↓
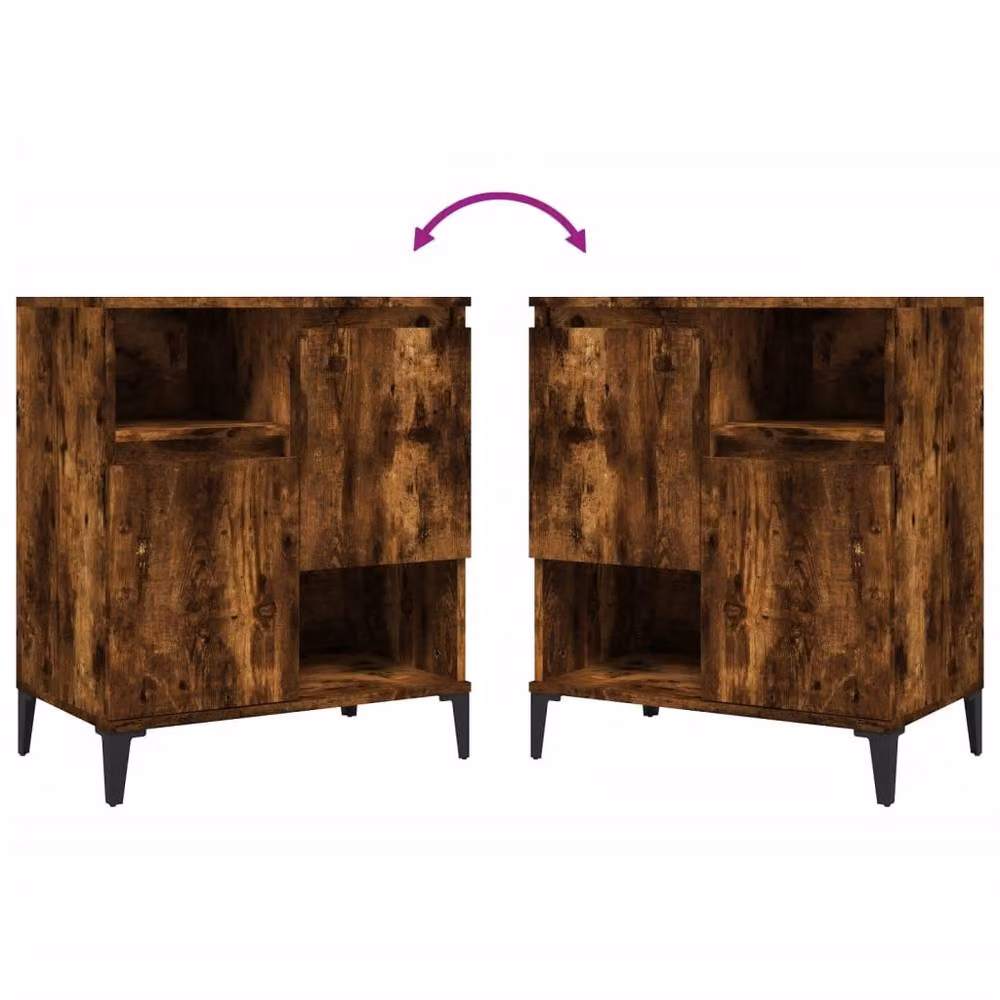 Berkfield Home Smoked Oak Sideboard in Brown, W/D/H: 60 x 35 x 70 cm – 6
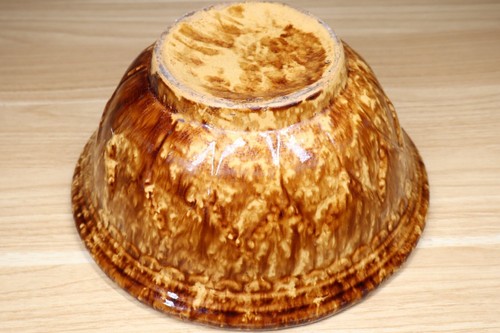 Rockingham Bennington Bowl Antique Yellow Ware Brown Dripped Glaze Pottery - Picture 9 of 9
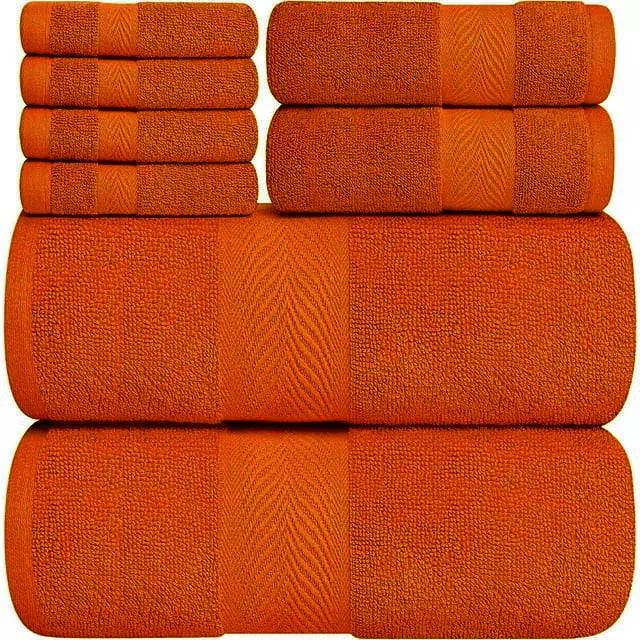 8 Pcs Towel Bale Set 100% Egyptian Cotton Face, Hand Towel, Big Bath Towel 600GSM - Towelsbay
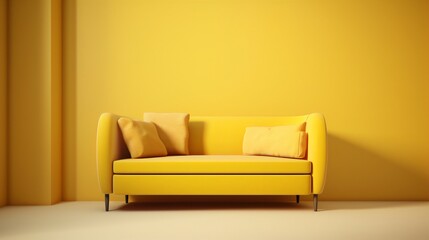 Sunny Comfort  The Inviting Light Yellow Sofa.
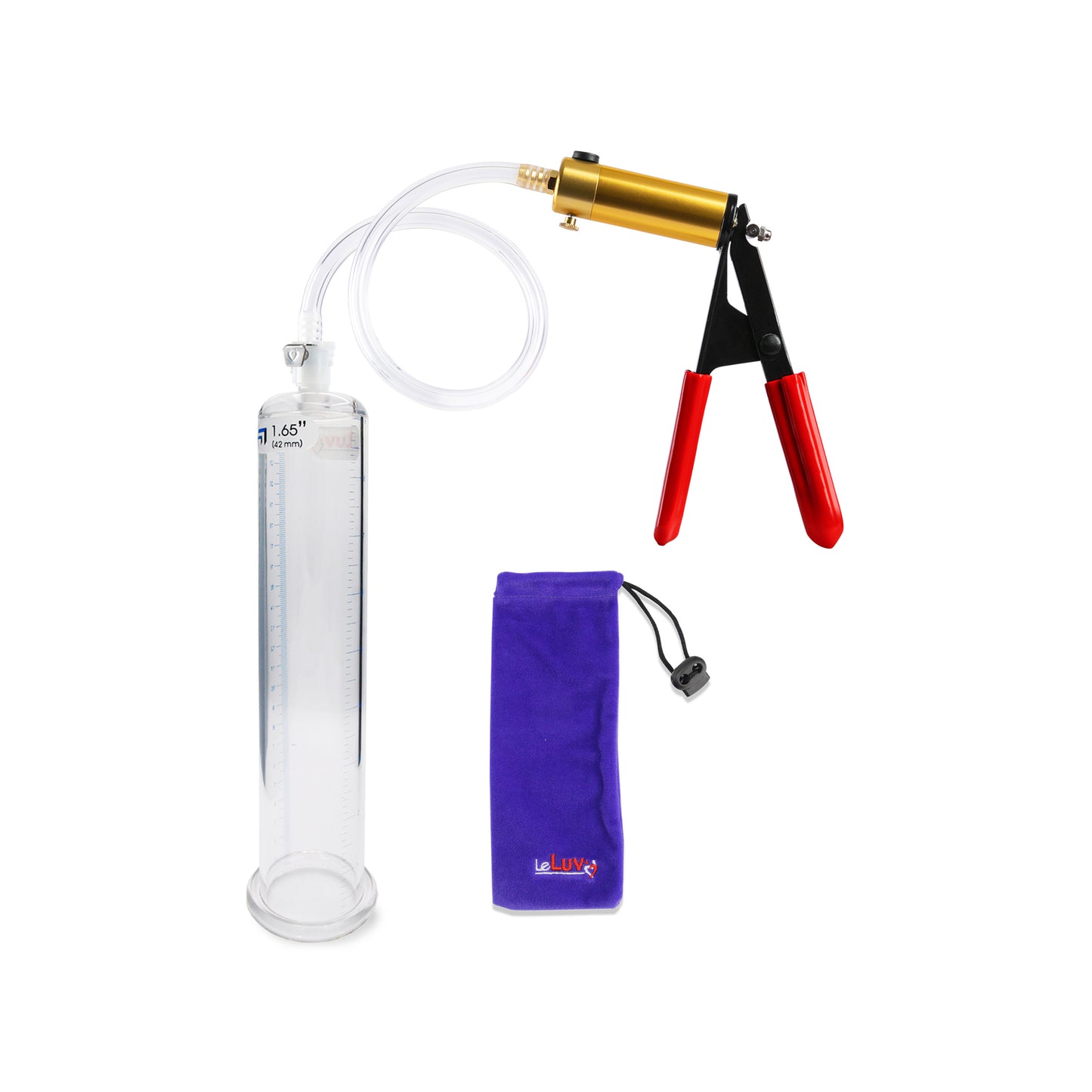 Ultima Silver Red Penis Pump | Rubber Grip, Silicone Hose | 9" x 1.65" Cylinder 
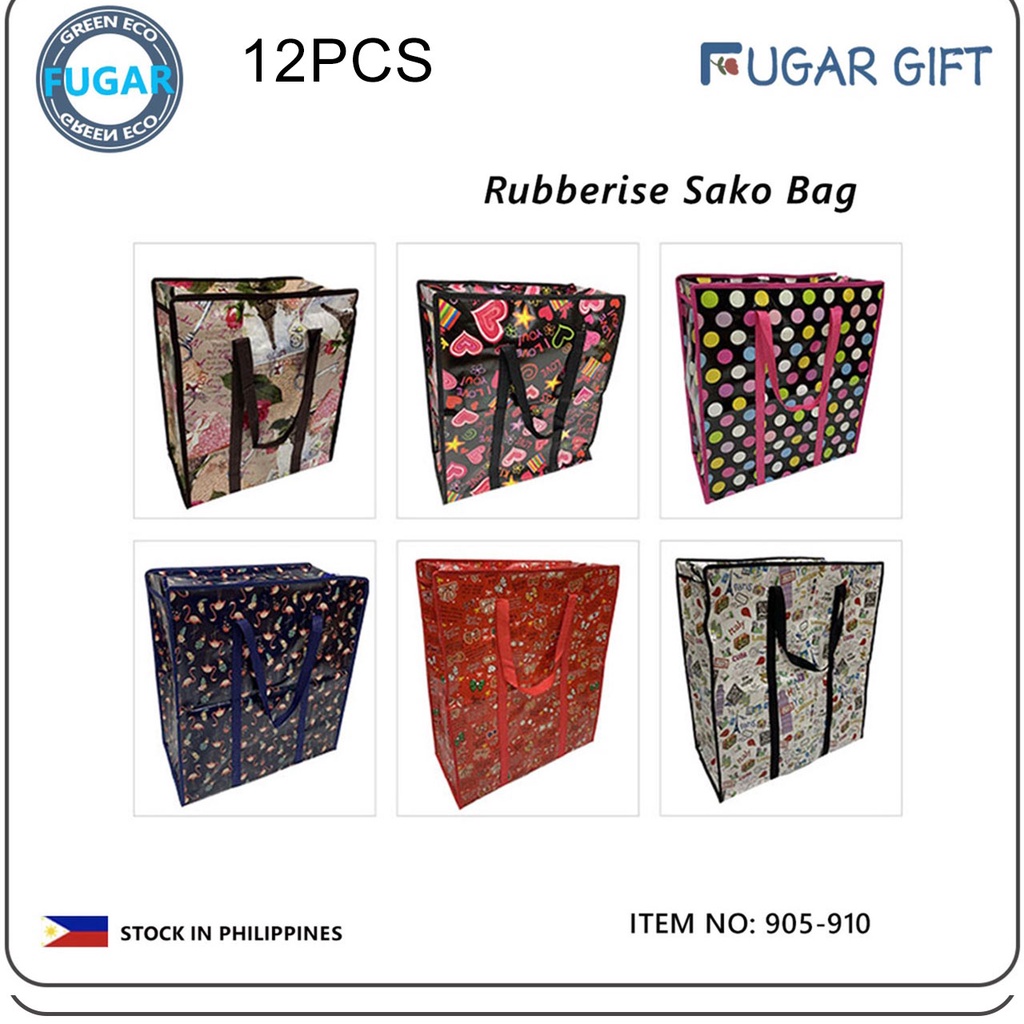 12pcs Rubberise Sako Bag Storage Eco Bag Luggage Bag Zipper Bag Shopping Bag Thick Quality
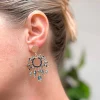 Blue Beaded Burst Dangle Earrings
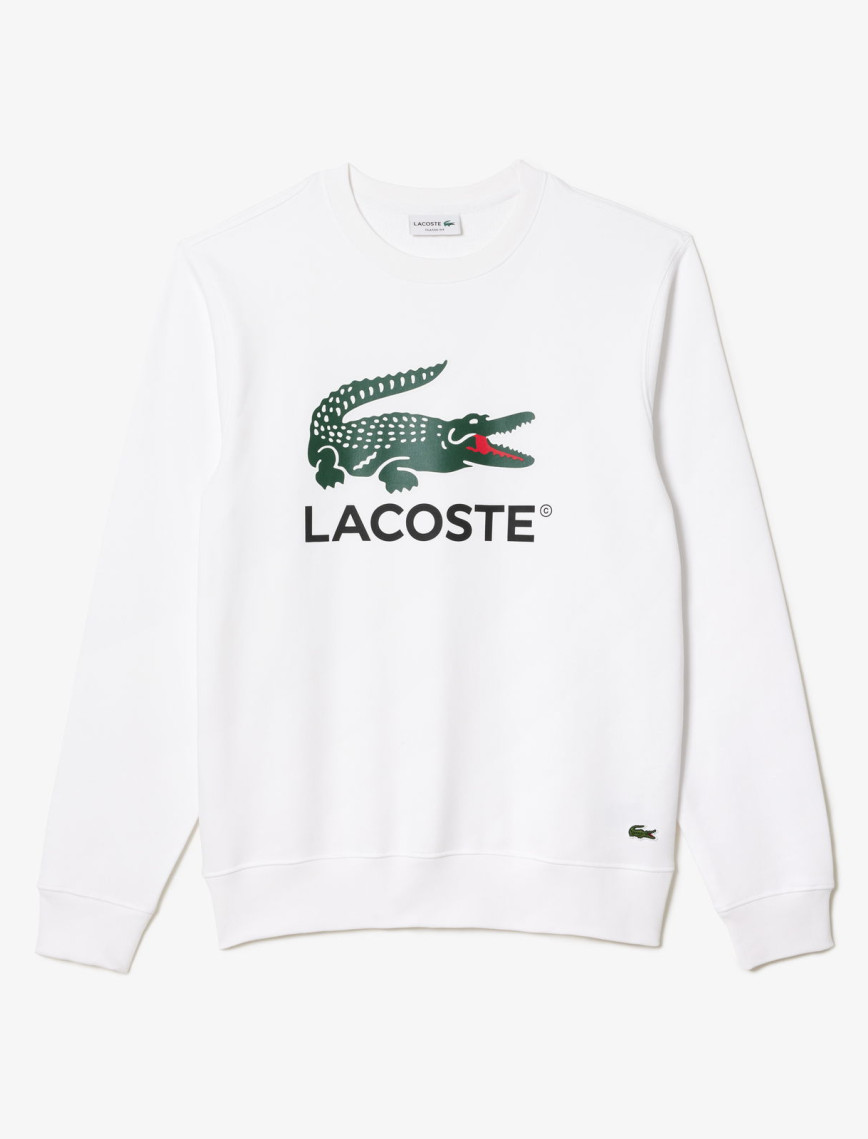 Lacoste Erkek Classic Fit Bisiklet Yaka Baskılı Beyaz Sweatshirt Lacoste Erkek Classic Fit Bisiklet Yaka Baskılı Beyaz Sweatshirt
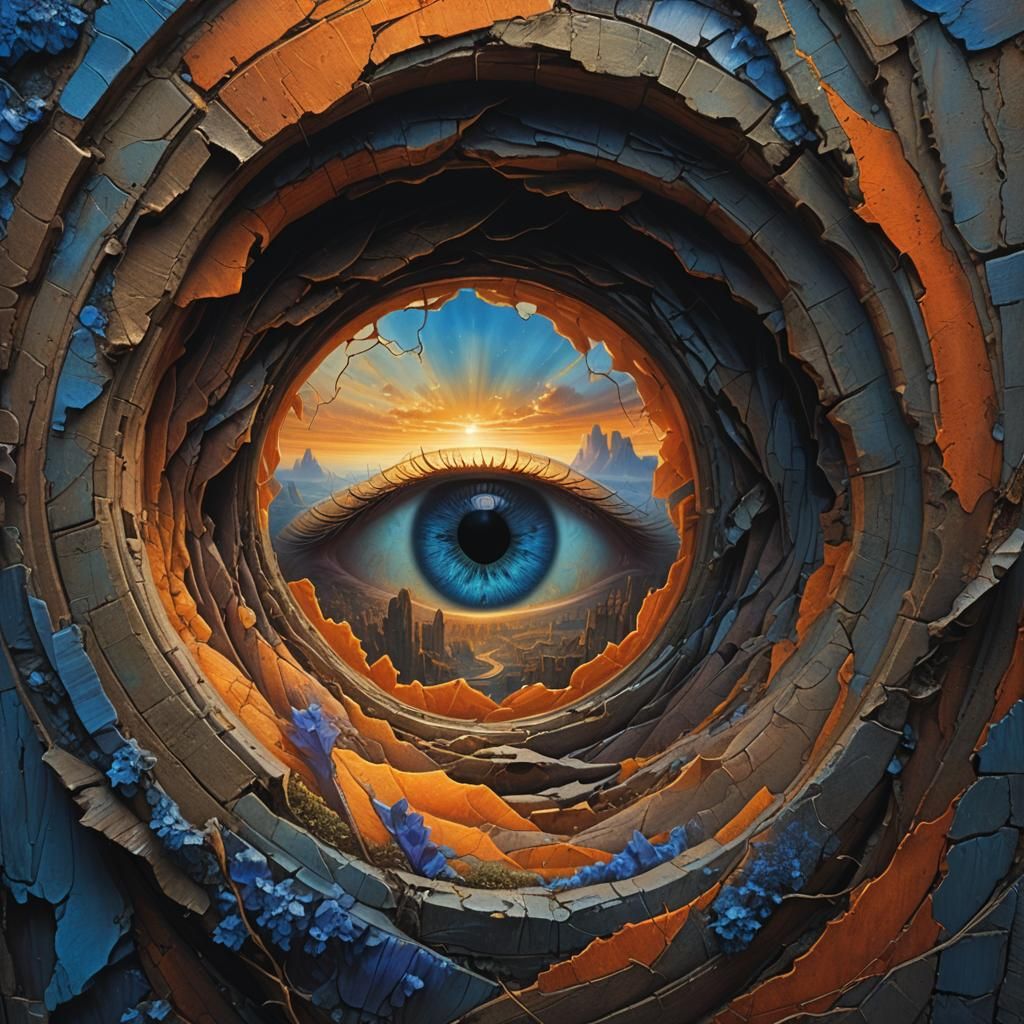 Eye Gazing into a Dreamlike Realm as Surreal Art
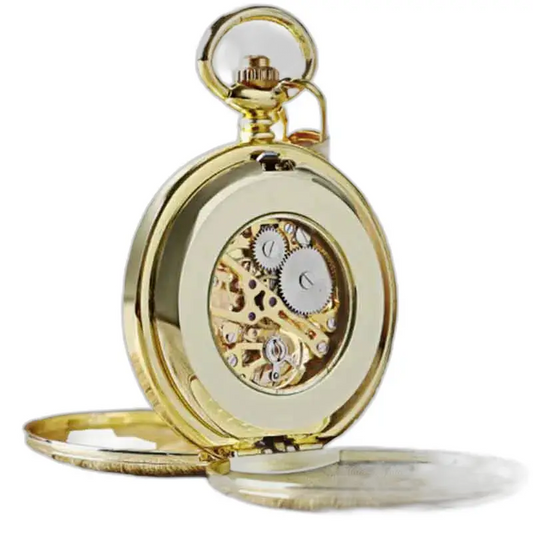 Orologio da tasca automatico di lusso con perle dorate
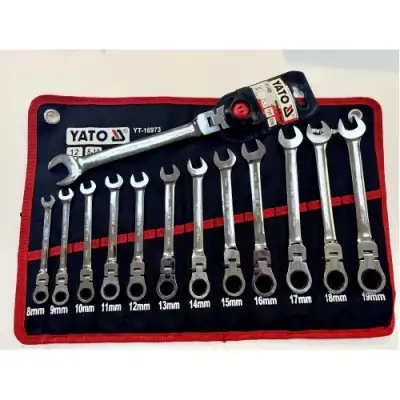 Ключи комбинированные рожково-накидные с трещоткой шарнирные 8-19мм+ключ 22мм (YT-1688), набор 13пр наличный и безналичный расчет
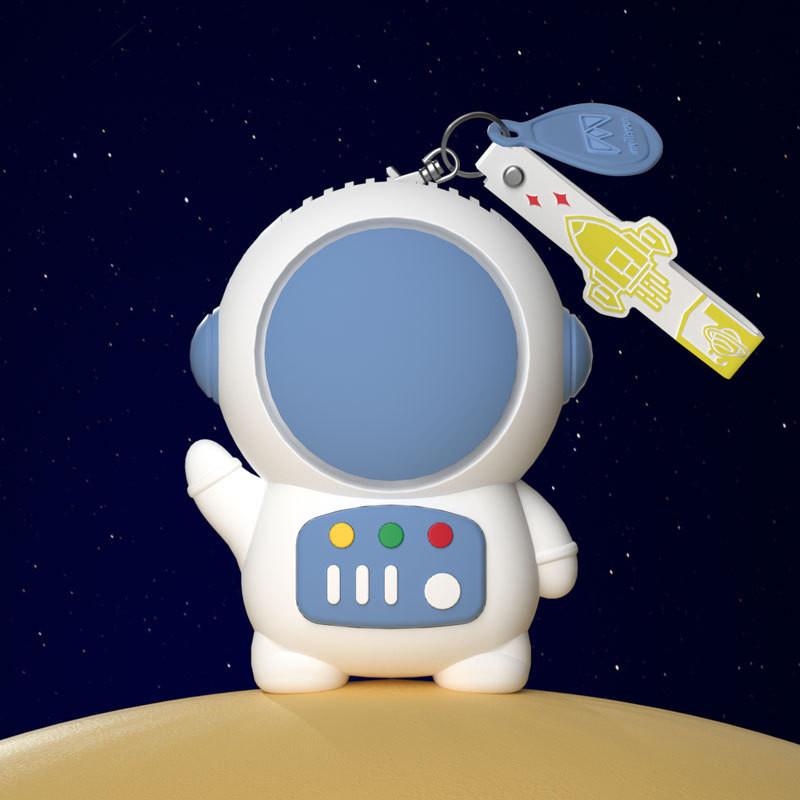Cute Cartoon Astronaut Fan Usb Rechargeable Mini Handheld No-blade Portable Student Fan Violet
↑
*Task brief*
What belongs in the answer is each line above, reproduced exactly, and no picture.

*Answer box*
 Berkfield Home Smoked Oak Sideboard in Brown, W/D/H: 60 x 35 x 70 cm – 6
 Rockingham Bennington Bowl Antique Yellow Ware Brown Dripped Glaze Pottery - Picture 9 of 9
 8 Pcs Towel Bale Set 100% Egyptian Cotton Face, Hand Towel, Big Bath Towel 600GSM - Towelsbay
 Sunny Comfort  The Inviting Light Yellow Sofa.
 Ultima Silver Red Penis Pump | Rubber Grip, Silicone Hose | 9" x 1.65" Cylinder 
 12pcs Rubberise Sako Bag Storage Eco Bag Luggage Bag Zipper Bag Shopping Bag Thick Quality
 Blue Beaded Burst Dangle Earrings
 Lacoste Erkek Classic Fit Bisiklet Yaka Baskılı Beyaz Sweatshirt Lacoste Erkek Classic Fit Bisiklet Yaka Baskılı Beyaz Sweatshirt
 Eye Gazing into a Dreamlike Realm as Surreal Art
 Orologio da tasca automatico di lusso con perle dorate
 Ключи комбинированные рожково-накидные с трещоткой шарнирные 8-19мм+ключ 22мм (YT-1688), набор 13пр наличный и безналичный расчет
Cute Cartoon Astronaut Fan Usb Rechargeable Mini Handheld No-blade Portable Student Fan Violet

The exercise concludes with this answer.